A theoretical consensus mechanism for energy-efficient, time-regulated mining.


Summary

Delayed Proof-of-Work (DPoW) is a novel consensus mechanism that aims to retain the security properties of PoW while drastically reducing energy consumption. Instead of continuous hashing, DPoW uses a Verifiable Delay Function (VDF) to enforce an idle period before a short burst mining period.


Protocol Overview

  1. A new block is added to the chain.
  2. A small group of specialized nodes, called "timekeepers", start computing the VDF using the latest block's hash as input.
  3. The VDF is designed to take approximately 4 minutes to complete, enforcing a mandatory idle period.
  4. Once a VDF solution is found, it is broadcast to the PoW miners. A ~1 minute mining period begins.
  5. Miners compete to find a valid PoW for a new block, which includes the VDF output in the header.
  6. The first miner to find a valid hash broadcasts the new block to the network.
  7. Nodes verify the block by checking that the VDF output is correct for the previous block hash and that the PoW is valid.
  8. This cycle continues.

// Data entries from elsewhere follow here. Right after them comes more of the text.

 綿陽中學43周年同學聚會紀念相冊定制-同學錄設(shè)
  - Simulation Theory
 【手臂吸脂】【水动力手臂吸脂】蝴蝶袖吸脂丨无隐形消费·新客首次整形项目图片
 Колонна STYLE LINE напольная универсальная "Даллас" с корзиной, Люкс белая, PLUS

The difficulty of the PoW and the VDF are adjusted frequently to maintain a 4-minute idle period and 1-minute mining period.

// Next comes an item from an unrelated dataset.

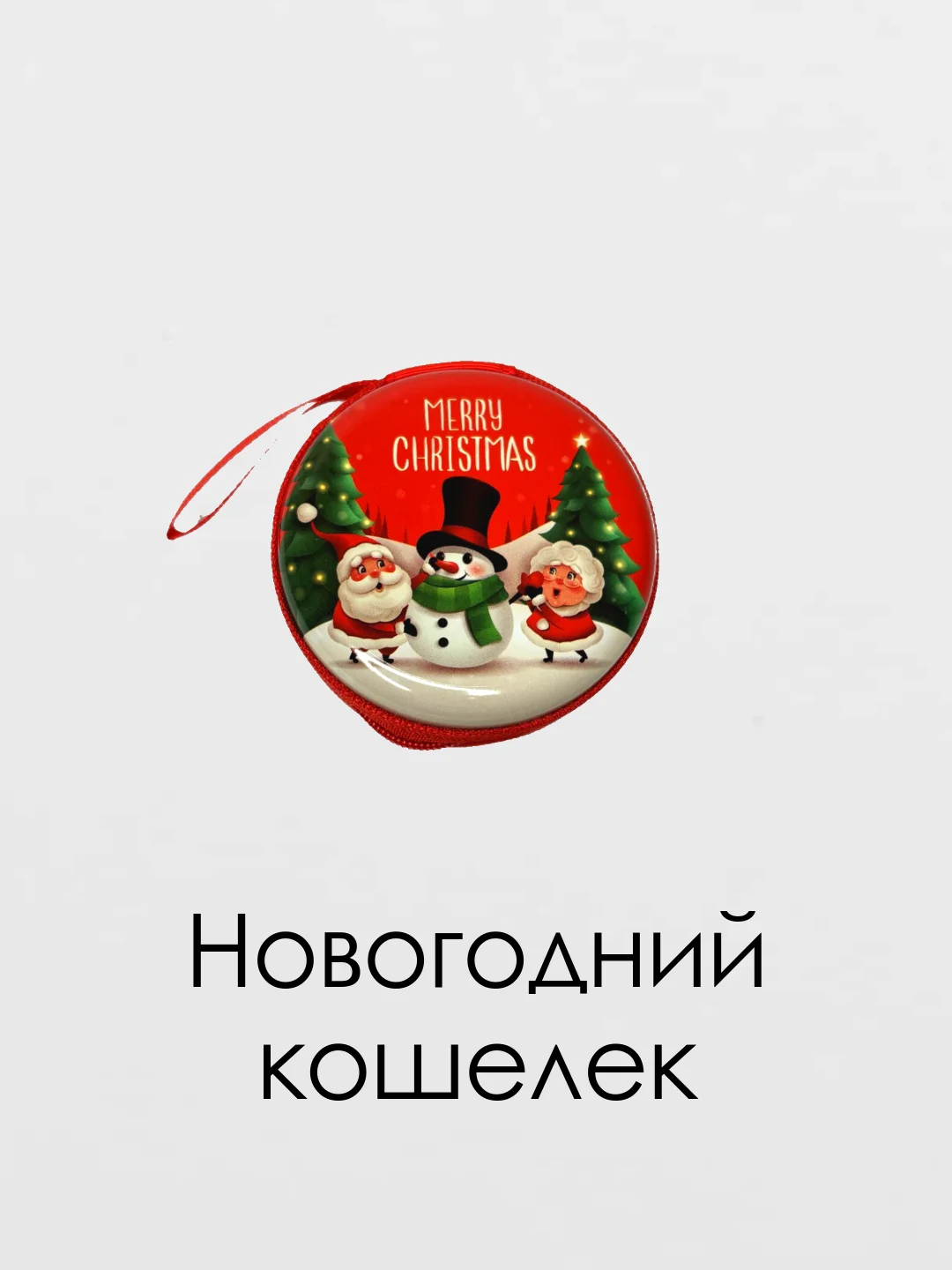 Алый кошелек для денег новогодний, подарочная упаковка, елочная игрушка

Role Separation: Timekeepers and Miners

The time required to compute a VDF varies greatly depending on the computer's clock speed. Miners with faster machines could complete the delay phase earlier and begin mining ahead of others, gaining an unfair advantage and increasing overall energy consumption. Therefore, dedicated "timekeepers" handle VDF calculation using the most optimized hardware available. Due to a lower bound on VDF computation time with current hardware, timekeepers would complete the idle phase within a narrow window.

If a malicious timekeeper withholds the VDF output, other honest timekeepers (operating at or near the lower bound for computation time) will independently derive the same output and publish it themselves. This prevents any single timekeeper from monopolizing the timing advantage and ensures the network transitions to the mining phase in a globally synchronized manner.


Key Advantages

  • The idle-mine cycle allows the network to operate with ~1/5 of the hash power of a standard PoW blockchain while still benefiting from the security properties of PoW.
  • During the 4-minute idle period, the blockchain is guaranteed to be static. The predictable delay means blocks are propagated and confirmed more synchronously, potentially reducing synchronization issues and orphaned blocks.

Potential Issues

  • Although significantly less than PoW, VDF computation still consumes energy.
  • Miners might redirect their hash power to other cryptocurrencies during the delay period, undermining the goal of reducing energy consumption.
  • A malicious miner who obtains or predicts the next block could start precomputing the VDF early with a private timekeeper node, gaining an unfair advantage. Similarly, a miner who finds a valid PoW could withhold the block briefly to get a head start on computing the VDF.
  • Since miners only compete during a short mining window, they may concentrate more hardware into that window (overclocking or scaling horizontally), effectively increasing total energy usage.